= Beginning of Section =
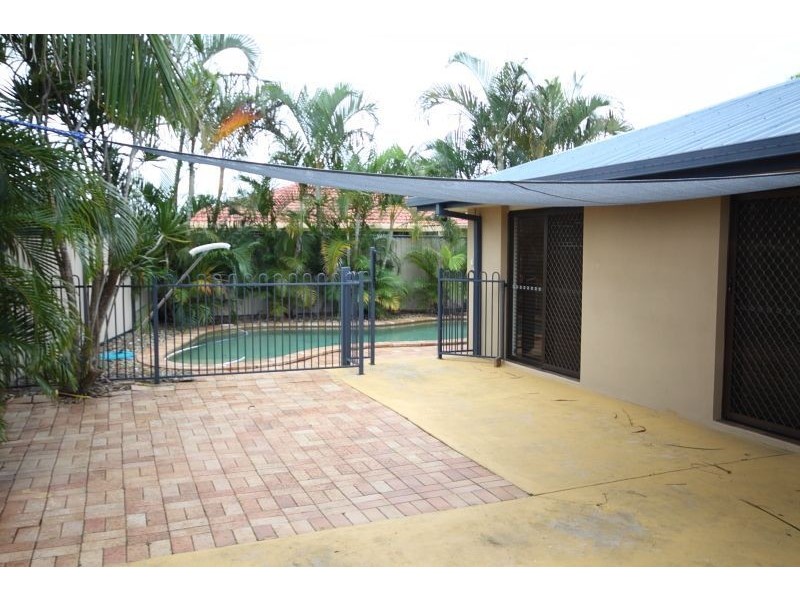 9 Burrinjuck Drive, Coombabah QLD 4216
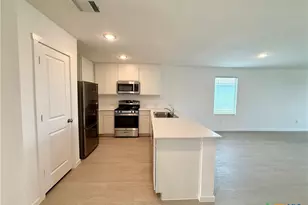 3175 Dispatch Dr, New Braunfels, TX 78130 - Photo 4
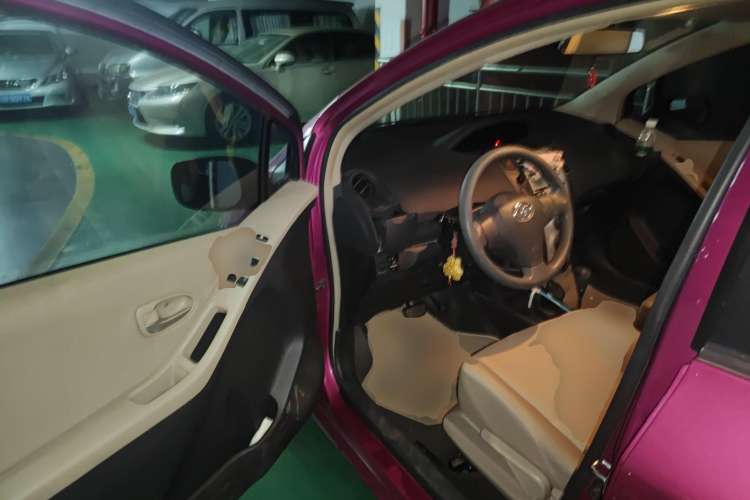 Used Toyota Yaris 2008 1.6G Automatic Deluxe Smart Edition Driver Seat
= End of Section =
= Beginning of Section =
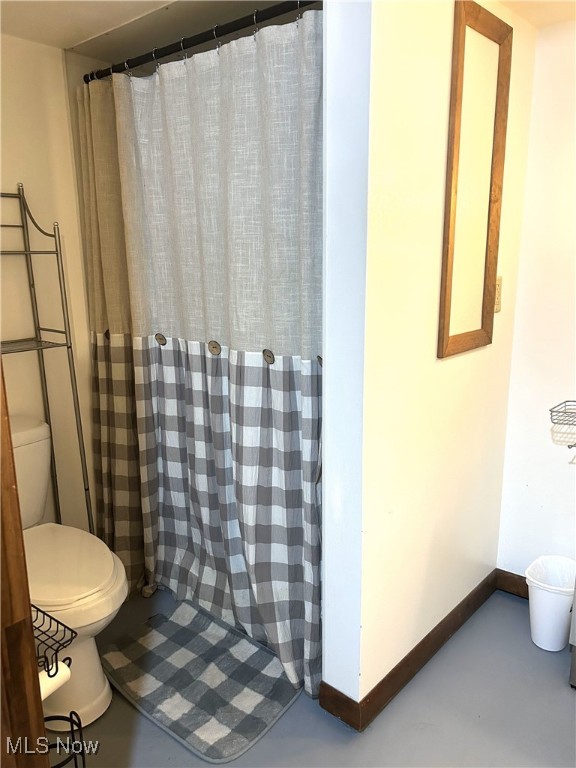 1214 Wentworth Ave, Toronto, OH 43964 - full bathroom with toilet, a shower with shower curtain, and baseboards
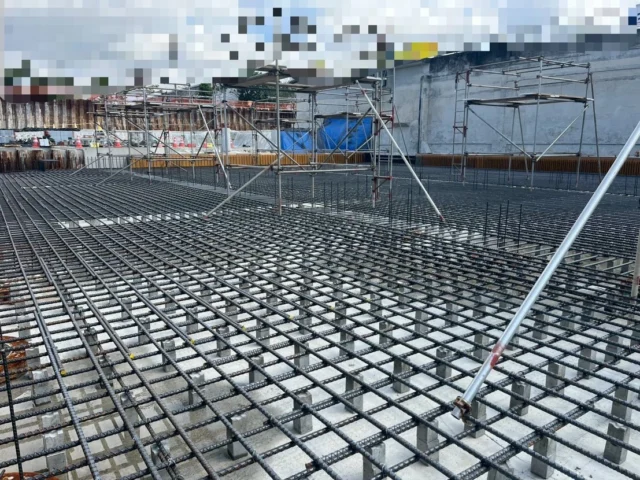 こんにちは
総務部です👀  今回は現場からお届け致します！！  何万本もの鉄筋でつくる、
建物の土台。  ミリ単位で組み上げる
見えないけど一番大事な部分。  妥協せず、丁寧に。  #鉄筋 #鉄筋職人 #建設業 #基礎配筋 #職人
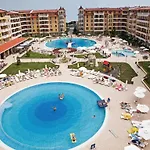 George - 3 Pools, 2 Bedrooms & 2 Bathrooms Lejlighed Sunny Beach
= End of Section =
= Beginning of Section =
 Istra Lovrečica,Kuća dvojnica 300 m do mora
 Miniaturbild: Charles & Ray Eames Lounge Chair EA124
= End of Section =
WHAT TO DO - Above are the records; return the lines in them from the one with "9 Burrinjuck Drive, Coombabah QLD 4216" to the one with "Used Toyota Yaris", inclusive, exactly and without images.

RESULT OF THE EXERCISE -
 9 Burrinjuck Drive, Coombabah QLD 4216
 3175 Dispatch Dr, New Braunfels, TX 78130 - Photo 4
 Used Toyota Yaris 2008 1.6G Automatic Deluxe Smart Edition Driver Seat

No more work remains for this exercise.